Culture

Les statisticiens vendent à Hollywood la promesse du scénario parfait

Temps de lecture : 2 min

Le Docteur Folamour dans le film éponyme de Stanley Kubrick en 1964.
Le Docteur Folamour dans le film éponyme de Stanley Kubrick en 1964.

Oubliez les zombies. C’est old. Les data-crunchers, ces spécialistes de l’analyse statistique, envahissent Hollywood, écrit le New York Times.

Evidemment, cela devait arriver un jour ou l’autre. «Le même type de spécialiste de l’analyse statistique qui a refondé l’analyse électorale et le marketing online est de plus en plus utilisé par l’industrie du divertissement.» Les voilà qui prennent d’assaut le dernier bastion de créativité humaine à l’ancienne non encore soumis aux diktats des moyennes statistiques et à la froide prédiction de l’algorithme tout puissant: le scénario de film.

Pour 20.000 dollars, la société de Vinny Bruzzese, un ancien professeur de statistiques qui se présente comme un lointain parent d’Albert Einstein, propose une analyse de script sur la base de précédents succès et de résultats de focus groupes et de sondages, afin d'aider les producteurs à maximiser leurs chances de faire un succès au box-office.

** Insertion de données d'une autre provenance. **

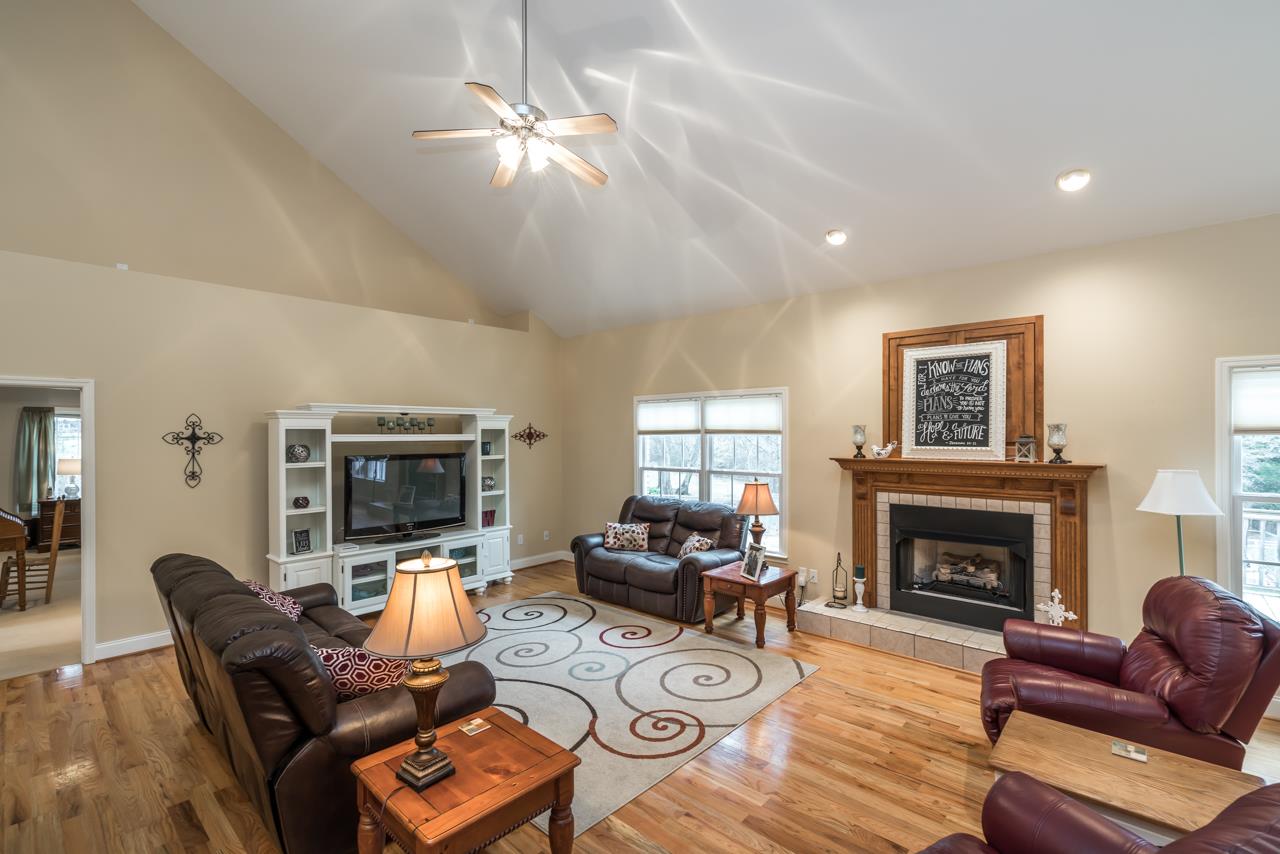 1044 Pearson Town Road Moore, SC 29369 - Photo 12 of 36 Gallery Image 12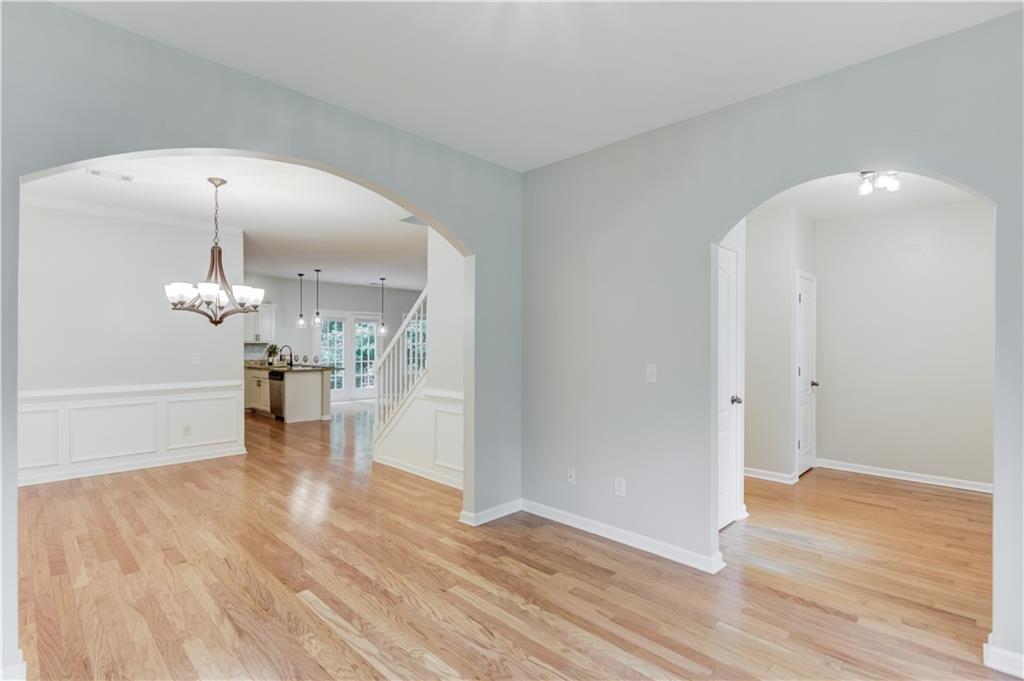 2725 Sedgeview Way, Buford, Georgia image 8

«Un super-héros maudit ne se vendra jamais autant qu’un super-héros protecteur», explique-t-il par exemple. Des services d’aide à la décision comme celui-ci sont bien logiquement devenus le «pire cauchemar» des scénaristes, raconte au New York Times l'un d'eux, Ol Parker, à qui on doit notamment le scénario de la comédie Indian Palace:

«C’est l’ennemi de la créativité, rien de plus qu’une tentative de singer ce qui a déjà marché auparavant. Cela ne peut qu’aboutir à une homogénéisation insipide. C’est une ruée vers la banalité.»

Le statisticien rétorque qu’il rencontre toujours le scénariste avant de livrer son avis, «pour écouter et comprendre l’intention créative, afin que l’analyse soit contextualisée». Et un scénariste primé par un oscar, qui parle sous couvert d’anonymat pour protéger sa réputation, admet que l’avis donné par Bruzzese lui a été d’une grande utilité. La Défense Lincoln, succès de 2011 adapté du roman de Michael Connelly, a également bénéficié du scanner du fameux Bruzzese, raconte au New York Times le producteur Scott Steindorff.

La méfiance des auteurs face aux approches «scientifiques» n'est bien sûr pas nouvelle. Ainsi, on fait souvent remarquer qu'un film comme Fight Club aurait été mis à la trappe si on s'était contenté des résultats des sondages, souligne l'article du New York Times (100 millions de dollars de recettes).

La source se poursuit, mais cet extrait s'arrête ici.